Can Teddy Bridgewater Lead the Next Wave of Elite NFL Quarterbacks?

Brad Gagnon@Brad_Gagnon NFL National ColumnistJuly 14, 2015

Minnesota Vikings quarterback Teddy Bridgewater (5) throws during the team's NFL football team's practice, Thursday, June 11, 2015, in Eden Prairie, Minn.  (AP Photo/Jim Mone)
Jim Mone/Associated Press

It's no secret, nor is it often disputed, that the NFL possesses more franchises than franchise quarterbacks. And recent trends have only highlighted the scarcity of elite signal-callers breaking into the league. 

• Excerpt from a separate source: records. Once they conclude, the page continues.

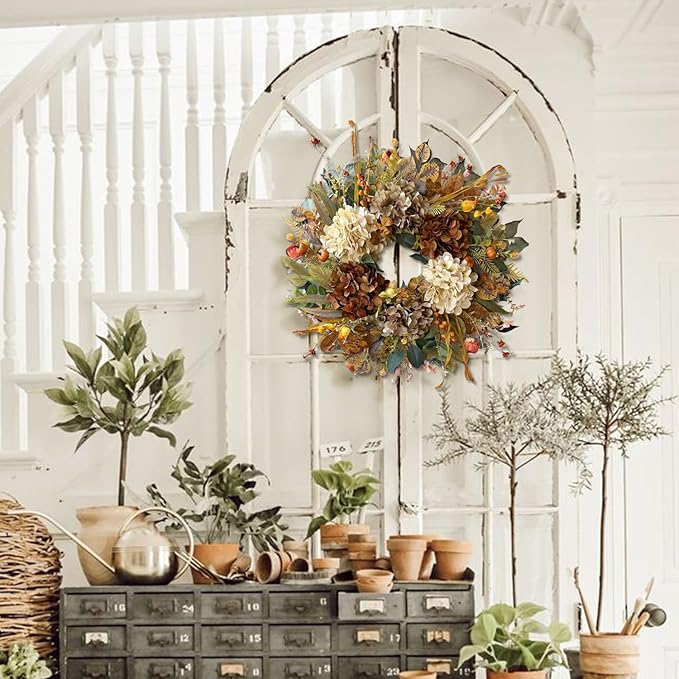 24 Inch Rustic Fall Wreath with Hydrangea &amp; Mini Pumpkins
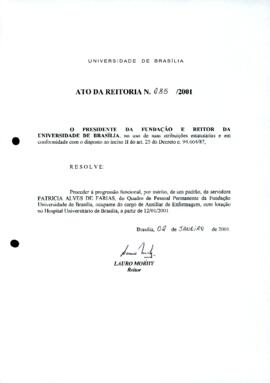 Ato da Reitoria nº 0085/2001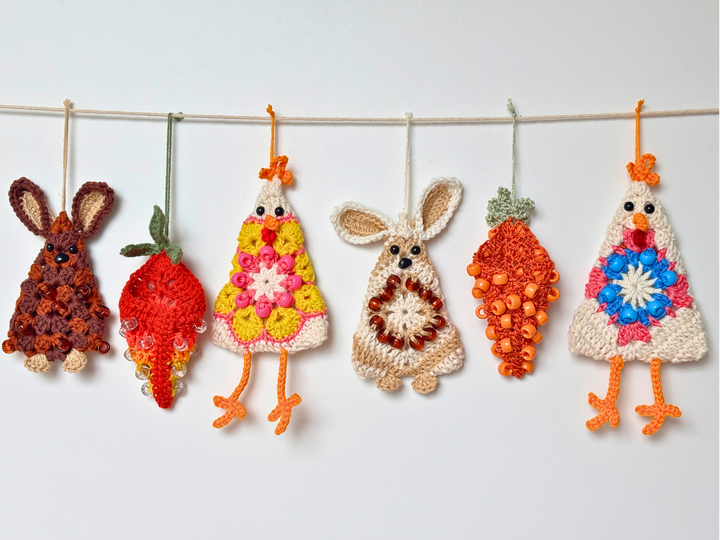 Easter Ornaments - Bunny, Carrot, Chicken, Easter Garland, Granny Square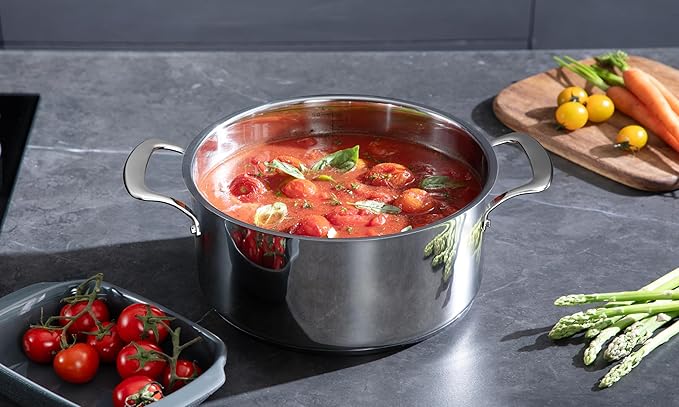 10 Pcs Stainless Steel Cookware Set, No Coating Frying Pans, Saucepans, Saute Pan and Stock Pot, Suitable for All Cooking Hobs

Earlier this offseason, Bleacher Report's Ty Schalter noted as part of in-depth analysis regarding the quality of emerging quarterbacks that with the "grand old generation of today's top quarterbacks" (guys such as Peyton Manning, Tom Brady, Drew Brees, Ben Roethlisberger, Philip Rivers and Tony Romo) all nearing the end of their careers, "the NFL has never been hungrier for good quarterbacks."

We haven't had a first- or second-team All-Pro quarterback not named Rodgers, Manning, Brady, Brees, Romo or Favre since 2003 (Steve McNair). And only six of the 14 quarterbacks drafted in the first round between 2009 and 2013 are currently expected to be Week 1 starters in 2015 (Matthew Stafford, Sam Bradford, Cam Newton, Ryan Tannehill, Andrew Luck and Robert Griffin III). 

Among the six quarterbacks who made the Pro Bowl last season (not including replacements), only Luck entered the league after 2005. But back up exactly a decade to the 2004 season, and all six Pro Bowl pivots—Manning, Brady, Brees, Donovan McNabb, Daunte Culpepper and Michael Vick—had been in the league fewer than eight seasons. 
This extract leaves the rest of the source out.